Eating An Invader: Lionfish
In the wild, lionfish are greedy predators that have invaded the Caribbean and eastern US seacoast. They gobble up native fish and damage ecosystems, and can mean the end of local economies based on snorkeling and diving tourism dollars.
But there’s hope. Apparently lionfish taste great, and efforts are being made to develop a market in which humans can eat lionfish into local extinction in the areas it doesn’t belong.
Sea to Table is a New York based organization which seeks out locally and sustainably managed fisheries needing better access to direct markets and provides a direct connection between fishermen and chefs. In a recent interview, Sean Dimin of Sea to Table told me about the high level of interest that was shown when lionfish was made available in several restaurants in the test markets of New York and Chicago. “With a few boxes and plenty of conversations around the country, we feel there is a large enough market to tackle this problem,” Dimin commented.
That lionfish tastes delicious is a large success factor. Although it could be sold through a conservation story, people would only go so far in supporting the effort if the taste wasn’t there. But the lionfish feeds on small crustaceans and fish, and has a similar taste to snapper. The delicate, snow white flesh has an almost sweet flavor.
Now that the market has been found, Sea to Table is working on creating a reliable supply. The challenge is that conventional harvesting methods, such as hooks and lines, don’t work. Lionfish are top predators, not scavengers which might feed on already dead animals such as bait in a fish trap. Sea to Table has been working with National Oceanic and Atmospheric Administration (NOAA) off the coast of North Carolina, as well as with a number of dive outfits, to try to find a solution. One method that works is using live bait. When live bait fish are put into a 2 litre soda bottle and then placed into a fish trap, the lionfish think it’s a school of small fish and enter the trap, becoming trapped themselves. The live bait can be used again and again, unlike dead bait.
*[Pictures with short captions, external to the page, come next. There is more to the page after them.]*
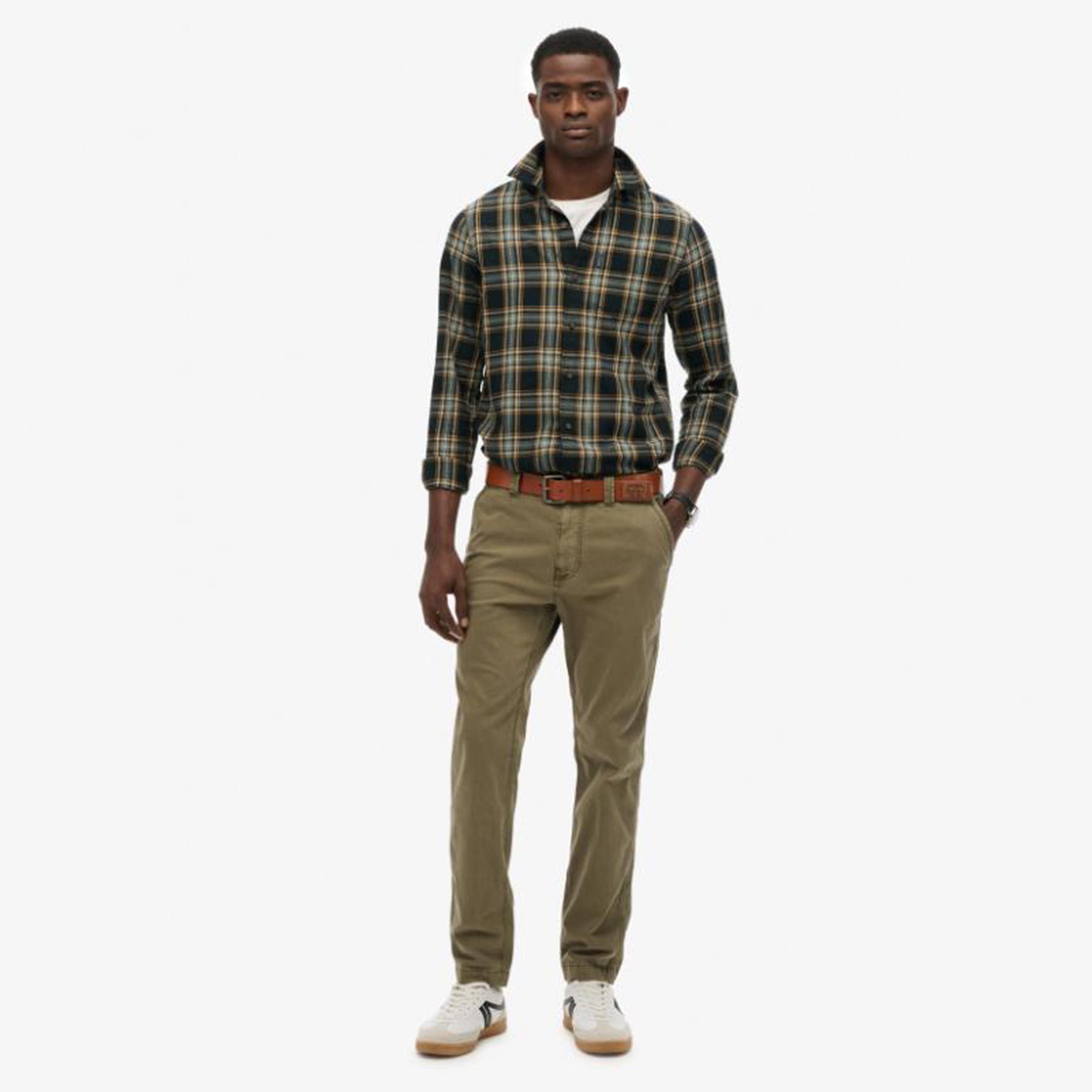 بنطلون تشينو رجالي سادة بخصر متوسط وإغلاق بأزرار وسحاب من سوبر دراي-men-clothing-bottoms-trousersandchinos-chinos-image-4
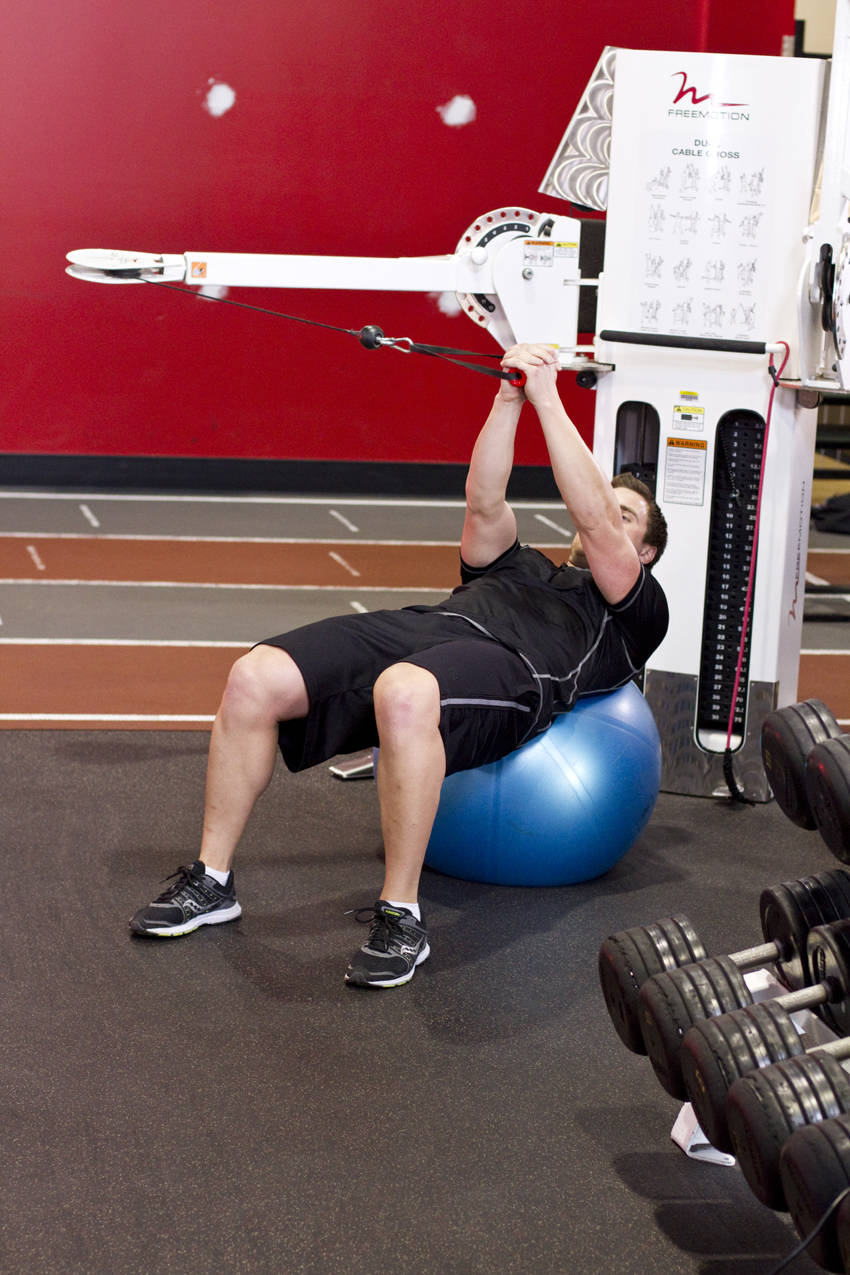 Cable Russian Twists — starting position
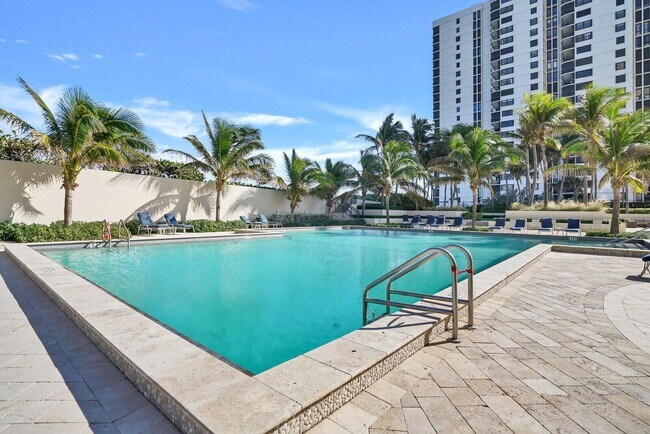 Building Photo - 5380 N Ocean Dr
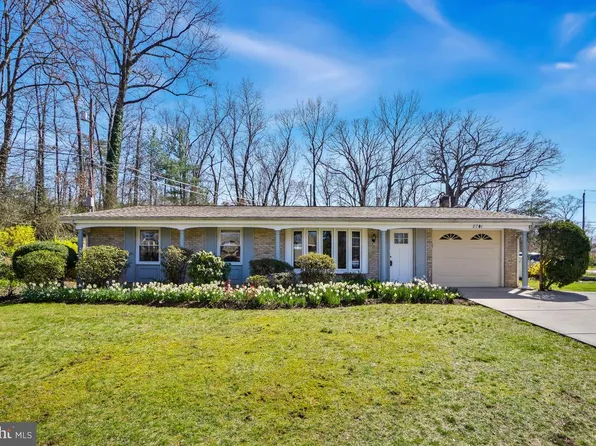 8701 Briarcroft Ln, Laurel, MD 20708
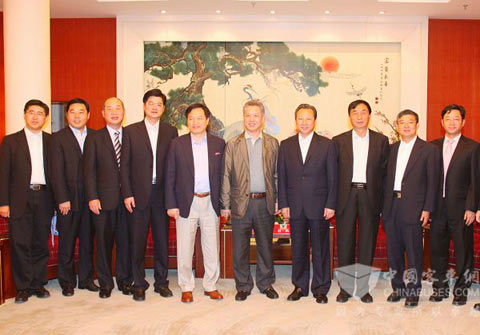 Leaders of GCL Group,Shaanxi Coal Industry Group,Jiangsu Yueda Group and Zonda Group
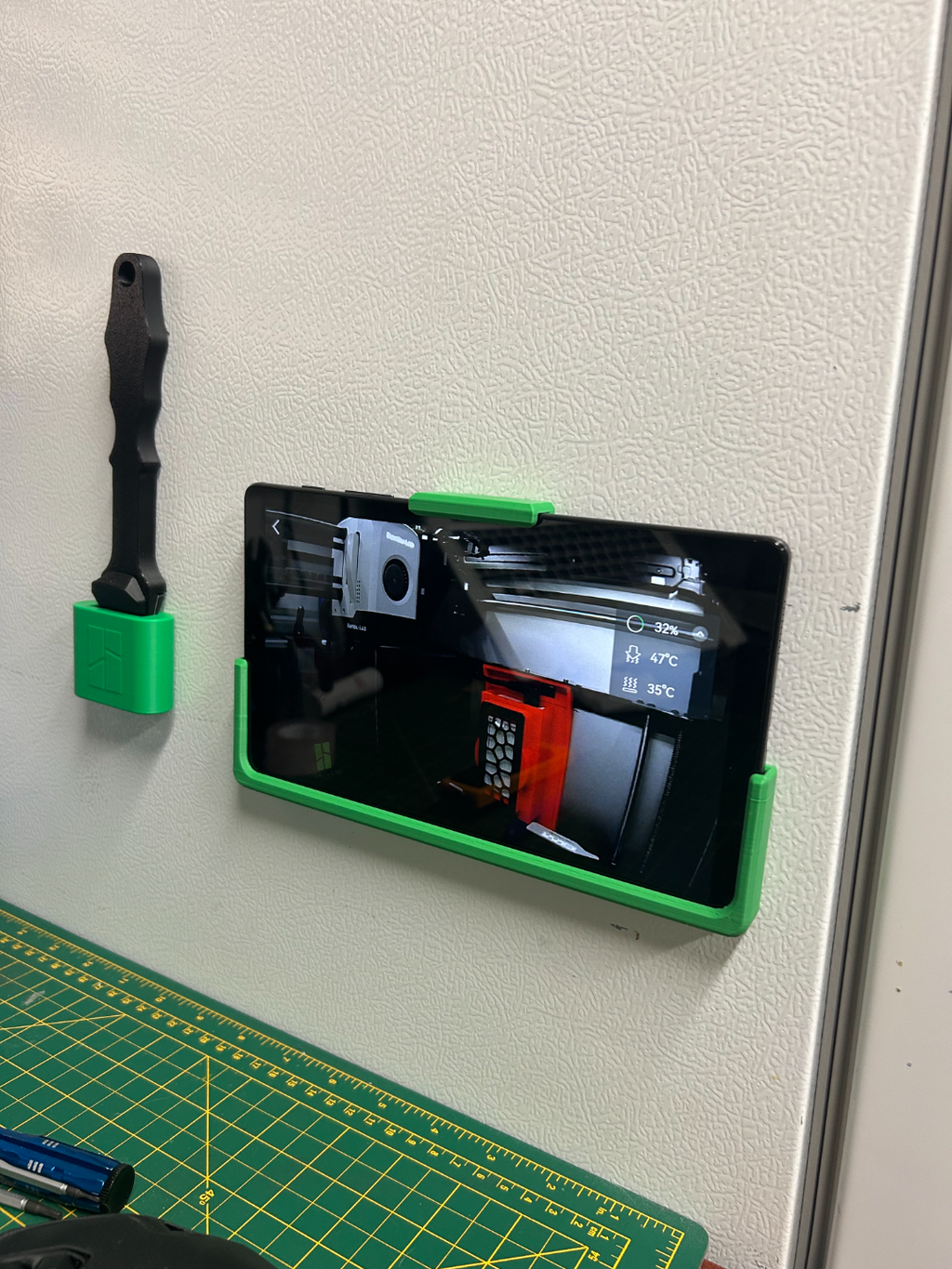 samsung Galaxy Tab A7 lite stand, wall mount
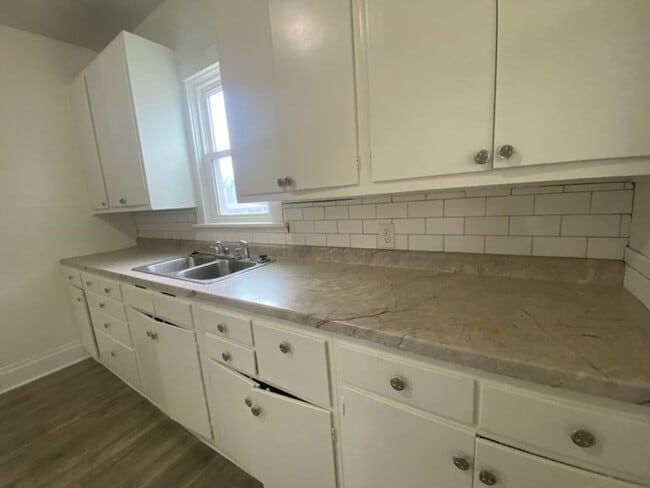 Building Photo - LEASE TO OWN $1,300 MO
Dimin also mentioned “the largest of the fish processors in the Bahamas are working to develop traps and are also working on putting bounties out there for spear fishermen to go and harvest” as many lionfish as possible. Bounties were used previously but became too expensive to maintain when the number of lionfish exceeded the budget. But bounties become affordable when paid by a fish processing plant that sells the fish. “It’s a commercialization of directed overfishing”, suggests Dimin.
So if a reliable supply can be obtained, human appetites for healthy and delicious foods might just eat this menacing species out of existence in the areas it causes harm. It looks like this invasive species story is heading towards a deliciously happy ending.